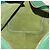LOUIS VUITTON Epi Keepall 45 Boston Bag Green M42974 LV Auth 202856 Verde - vista 21
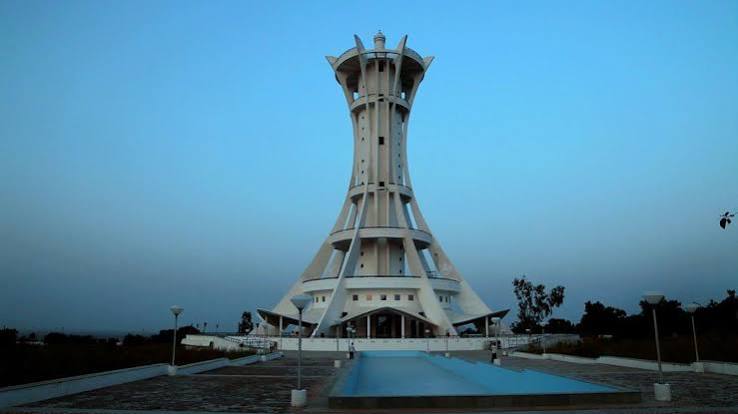 Chhattisgarh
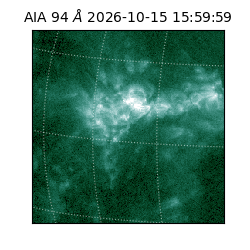 saia - 2026-10-15T15:59:59.120000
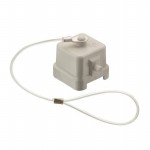 09200035447參考圖片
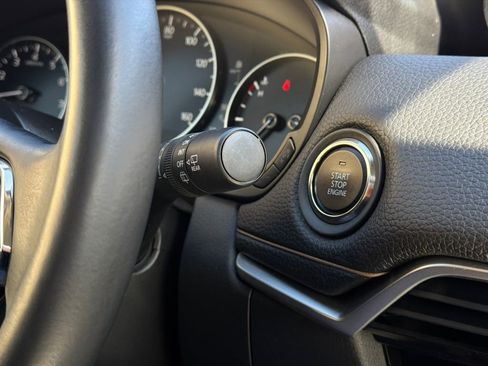 Used 2024 MAZDA CX-90 3.3 Turbo w/ Premium Package image 31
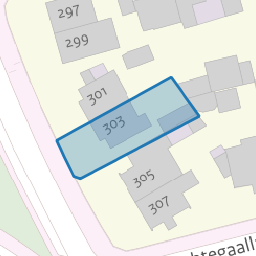 Perceel IMD00-M-4755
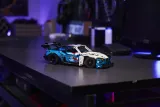 lego-technic-42226-samochod-wyscigowy-bmw-m4-gt3-evo-stan-nowy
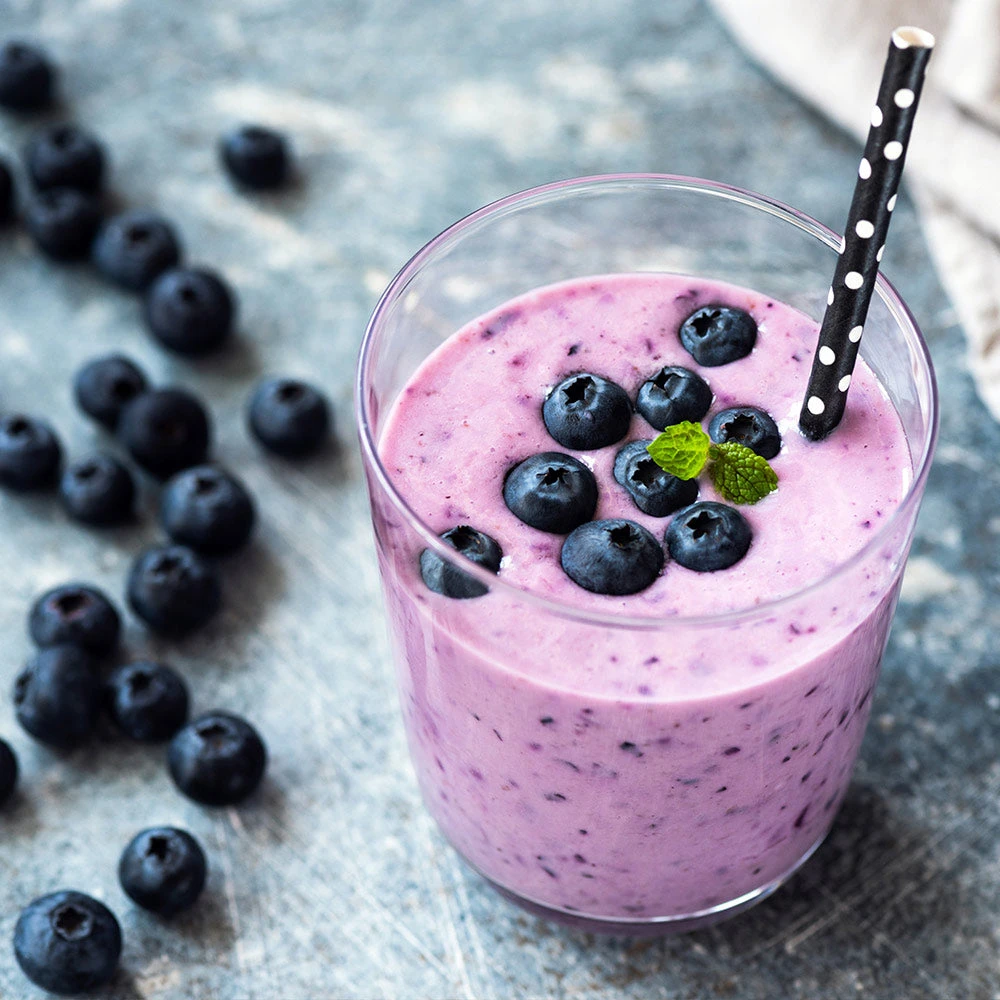 Brighter Blooms Fruit Trees Tifblue Blueberry Bush 5 Brighter Blooms Fruit Trees Tifblue Blueberry Bush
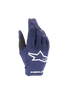 Guantes Radar 2025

* **Your task**: This task calls for the lines from the line holding "Chhattisgarh" through the last line above, restated word for word with both ends included and the pictures dropped.

* **Expected answer**:
 Chhattisgarh
 saia - 2026-10-15T15:59:59.120000
 09200035447參考圖片
 Used 2024 MAZDA CX-90 3.3 Turbo w/ Premium Package image 31
 Perceel IMD00-M-4755
 lego-technic-42226-samochod-wyscigowy-bmw-m4-gt3-evo-stan-nowy
 Brighter Blooms Fruit Trees Tifblue Blueberry Bush 5 Brighter Blooms Fruit Trees Tifblue Blueberry Bush
 Guantes Radar 2025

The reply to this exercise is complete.